● **TASK TO CARRY OUT**
The finished copy should hold every entry exactly as given, and no pictures.

● **RECORDS SUPPLIED**
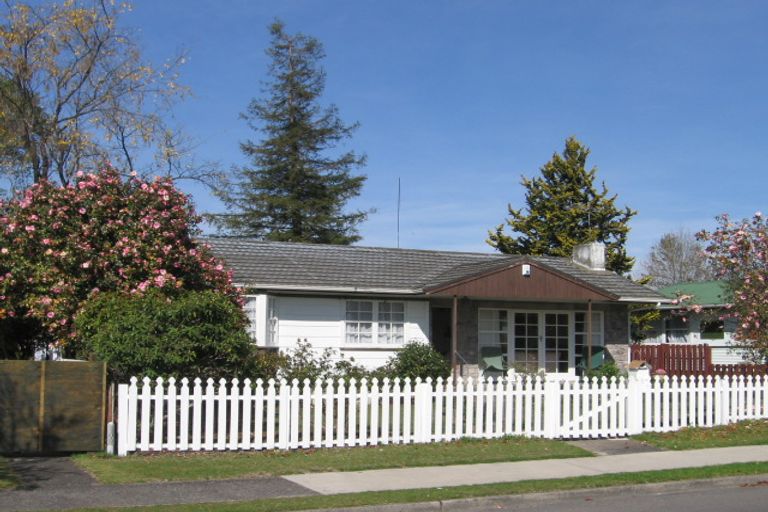 Photo of property in 8 Joanne Crescent, Pukehangi, Rotorua, 3015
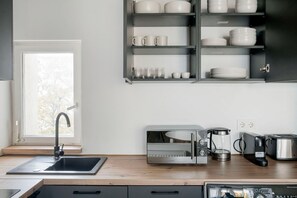 Fridge, microwave, oven, dishwasher - Sleek Charlottenburg 1BR, Fully Furnished & Equipped, by Blueground (Berlin)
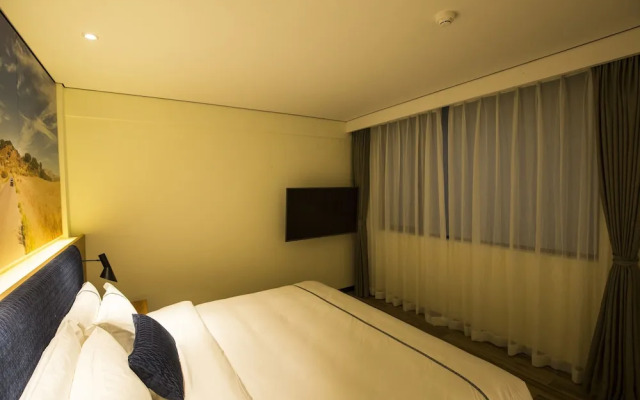 Spring Posh Roadsun International Hotel & Resort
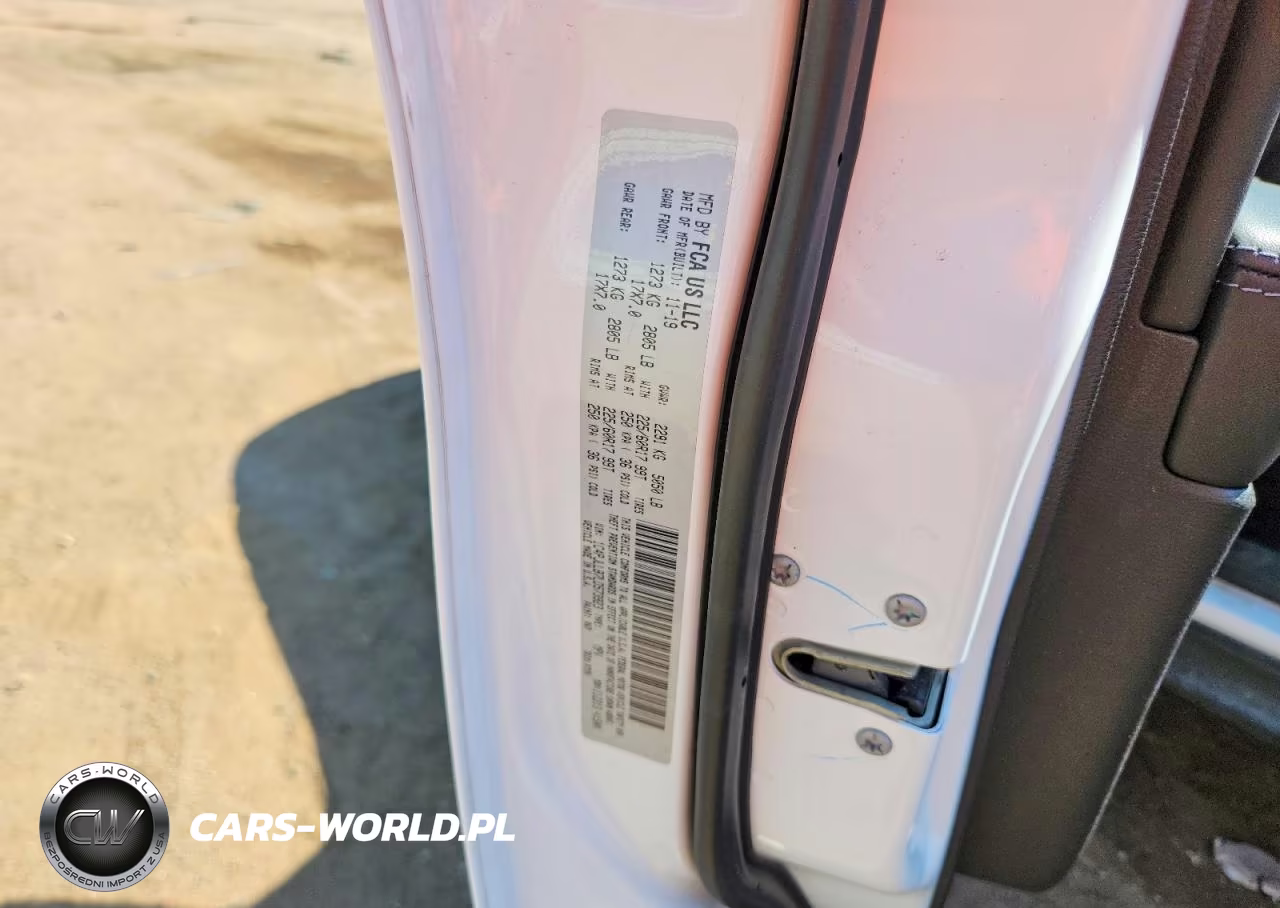 2020 Jeep Cherokee Latitude Plus VIN:1C4PJLLB7LD573923 - 12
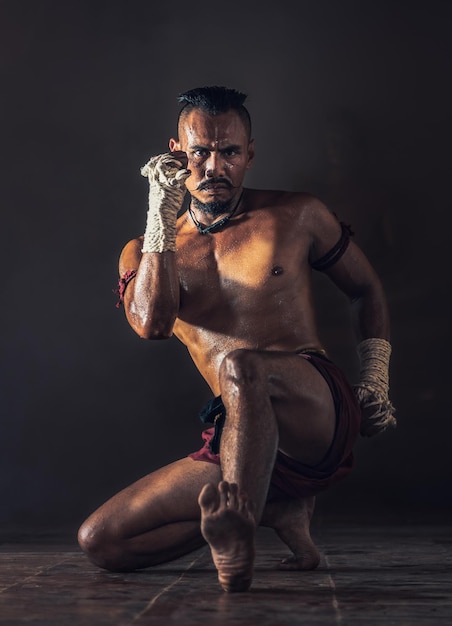 Retrato de un boxeador sin camisa contra un fondo negro
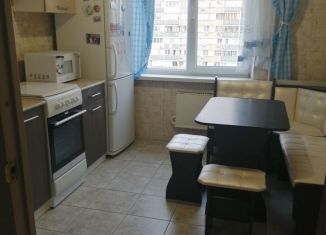 Сдается 2-комнатная квартира, 50 м2, Волгоградская область, улица Тулака, 9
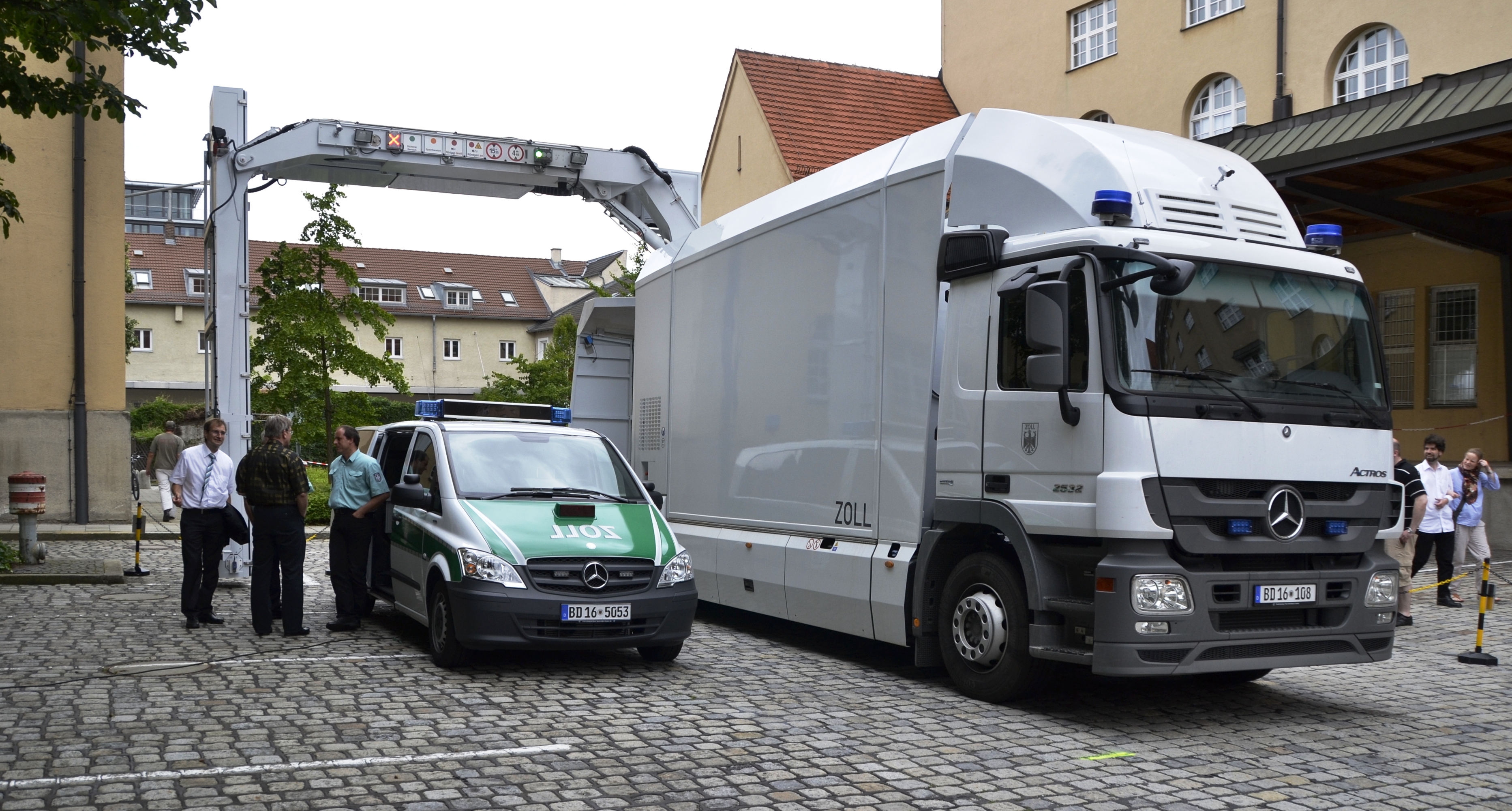 Mobile_x-ray_truck_Zoll_-2.jpg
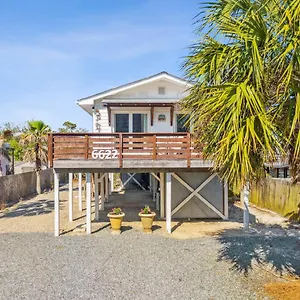 https://casa-de-la-playa-2-bedroom-beach-house.panamacity-beachhotels.com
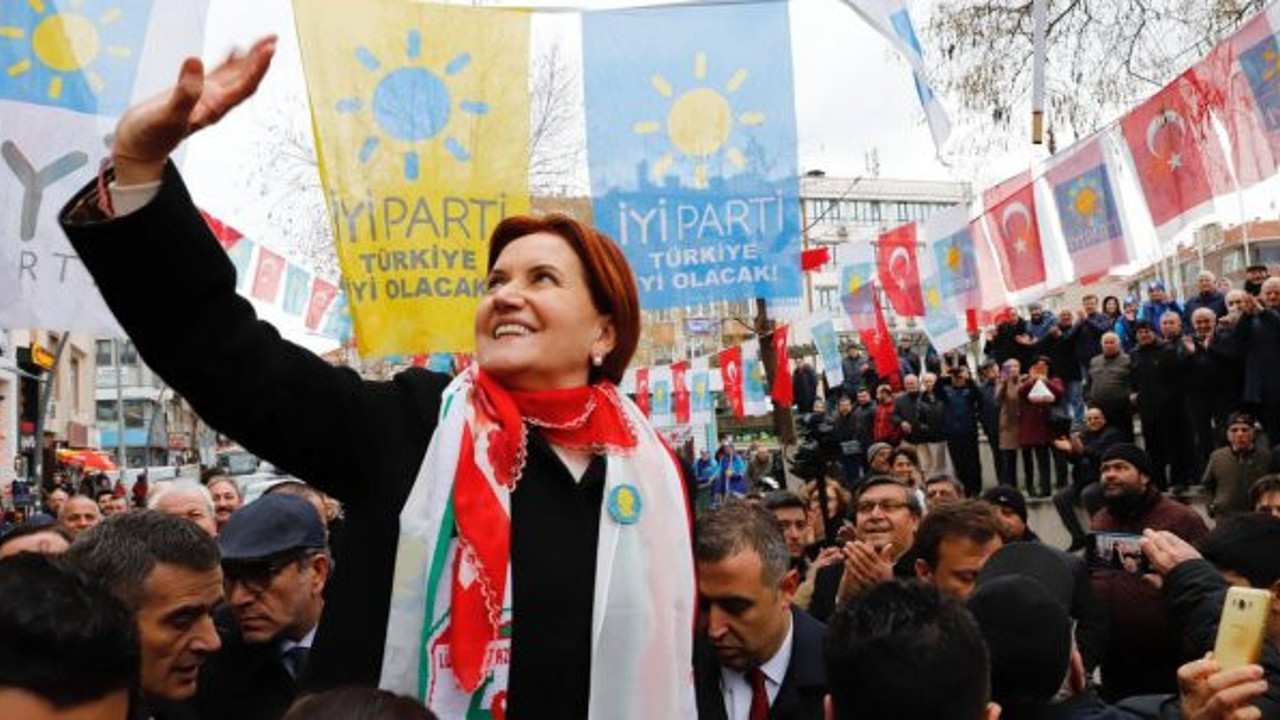 Meral Akşener'in kitabı, okurlara ulaşacak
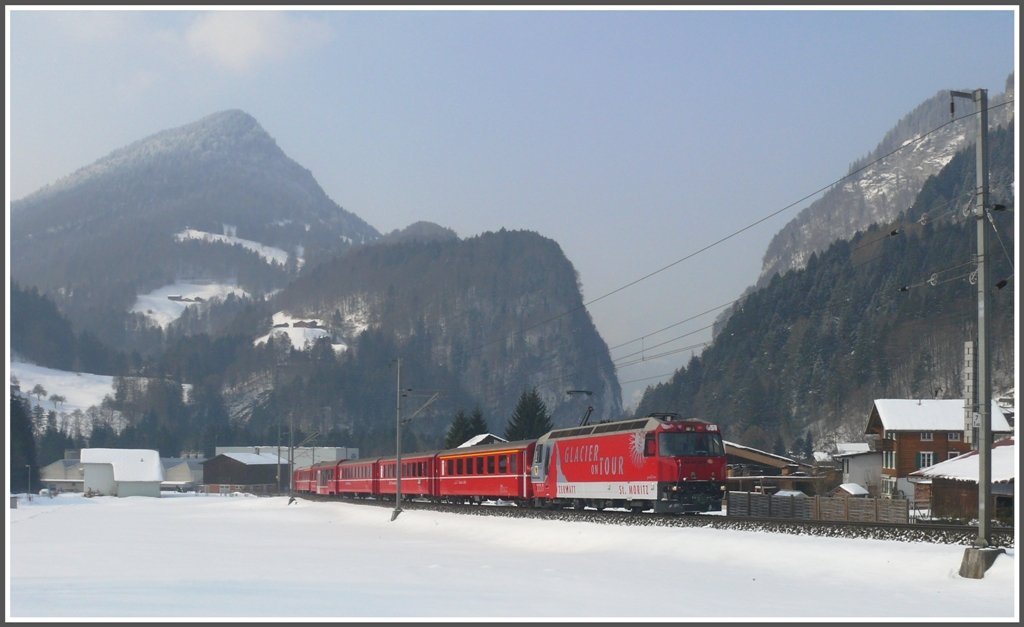 RE1033 mit Ge 4/4 III 651  Fideris  hat die Klus im Hintergrund durchfahren und befindet sich jetzt bei Seewis Pardisla im Prttigau. (12.02.2010)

● **SOLUTION TO THE EXERCISE**
 Photo of property in 8 Joanne Crescent, Pukehangi, Rotorua, 3015
 Fridge, microwave, oven, dishwasher - Sleek Charlottenburg 1BR, Fully Furnished & Equipped, by Blueground (Berlin)
 Spring Posh Roadsun International Hotel & Resort
 2020 Jeep Cherokee Latitude Plus VIN:1C4PJLLB7LD573923 - 12
 Retrato de un boxeador sin camisa contra un fondo negro
 Сдается 2-комнатная квартира, 50 м2, Волгоградская область, улица Тулака, 9
 Mobile_x-ray_truck_Zoll_-2.jpg
 https://casa-de-la-playa-2-bedroom-beach-house.panamacity-beachhotels.com
 Meral Akşener'in kitabı, okurlara ulaşacak
 RE1033 mit Ge 4/4 III 651  Fideris  hat die Klus im Hintergrund durchfahren und befindet sich jetzt bei Seewis Pardisla im Prttigau. (12.02.2010)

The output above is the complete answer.